Materials provided -

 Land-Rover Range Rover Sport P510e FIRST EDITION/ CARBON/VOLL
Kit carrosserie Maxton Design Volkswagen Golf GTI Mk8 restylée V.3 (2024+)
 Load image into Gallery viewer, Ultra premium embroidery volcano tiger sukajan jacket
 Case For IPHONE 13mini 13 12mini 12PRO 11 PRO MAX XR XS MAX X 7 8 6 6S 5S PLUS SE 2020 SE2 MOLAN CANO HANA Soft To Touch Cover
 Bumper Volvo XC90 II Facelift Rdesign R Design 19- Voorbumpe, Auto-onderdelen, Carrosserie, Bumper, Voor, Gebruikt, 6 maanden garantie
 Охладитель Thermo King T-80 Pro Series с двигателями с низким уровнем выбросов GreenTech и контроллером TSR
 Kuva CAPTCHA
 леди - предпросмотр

--

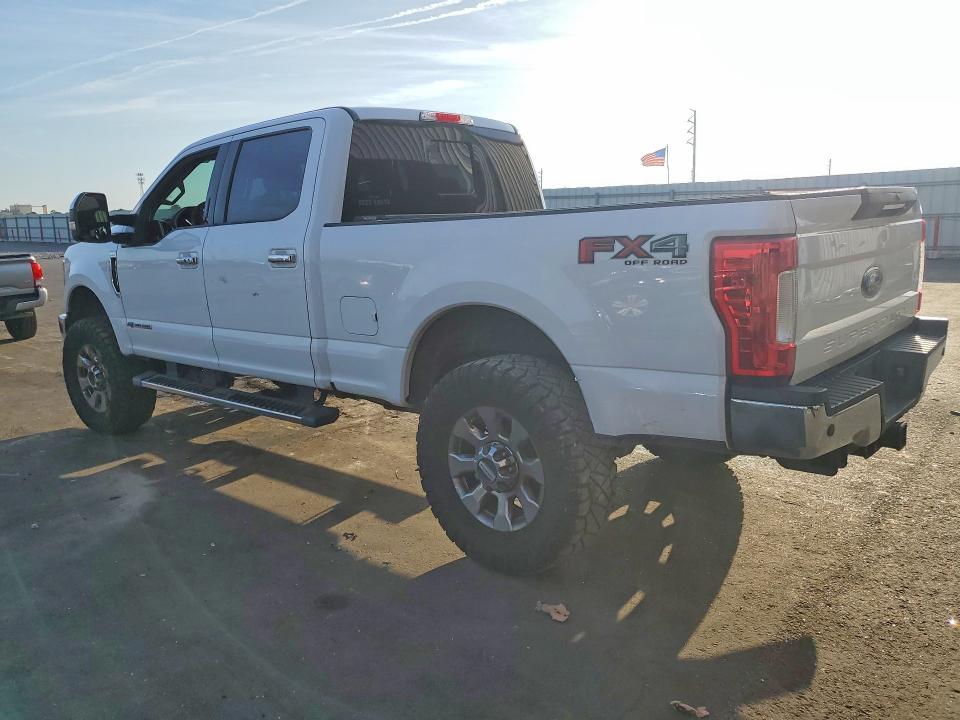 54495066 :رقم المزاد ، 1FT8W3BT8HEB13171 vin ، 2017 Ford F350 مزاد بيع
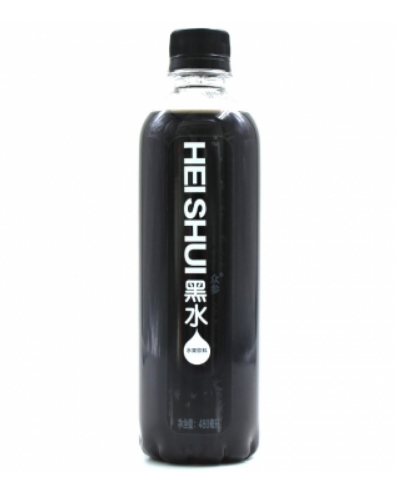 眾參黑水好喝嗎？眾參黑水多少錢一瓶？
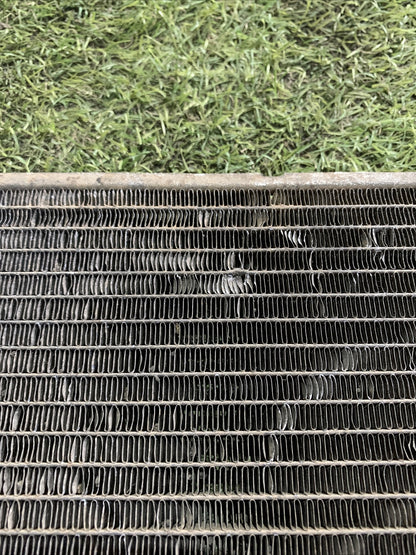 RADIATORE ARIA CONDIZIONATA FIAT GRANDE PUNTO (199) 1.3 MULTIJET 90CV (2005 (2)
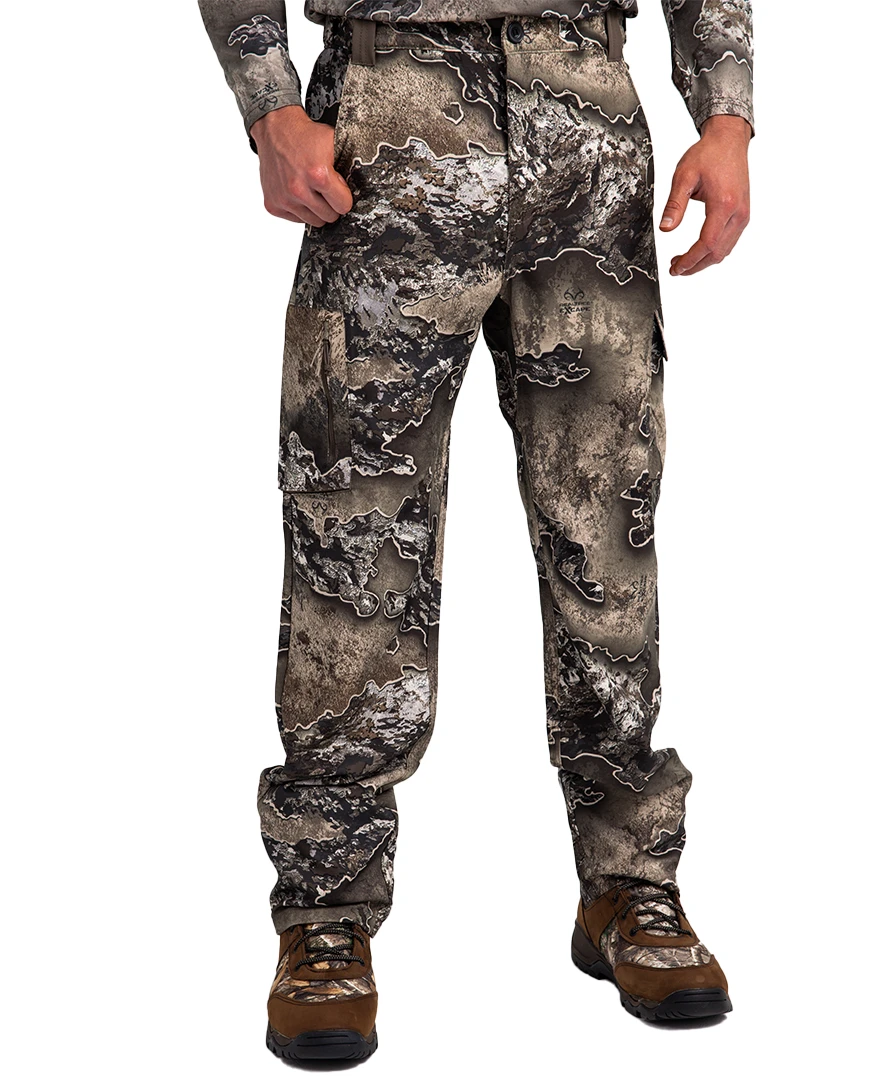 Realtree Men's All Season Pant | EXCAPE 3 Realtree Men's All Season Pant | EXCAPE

What you are asked to do -
Look above for the line that contains "Охладитель Thermo King". Starting there, transcribe every line exactly until you have copied the line that contains "леди - предпросмотр".

Written answer -
 Охладитель Thermo King T-80 Pro Series с двигателями с низким уровнем выбросов GreenTech и контроллером TSR
 Kuva CAPTCHA
 леди - предпросмотр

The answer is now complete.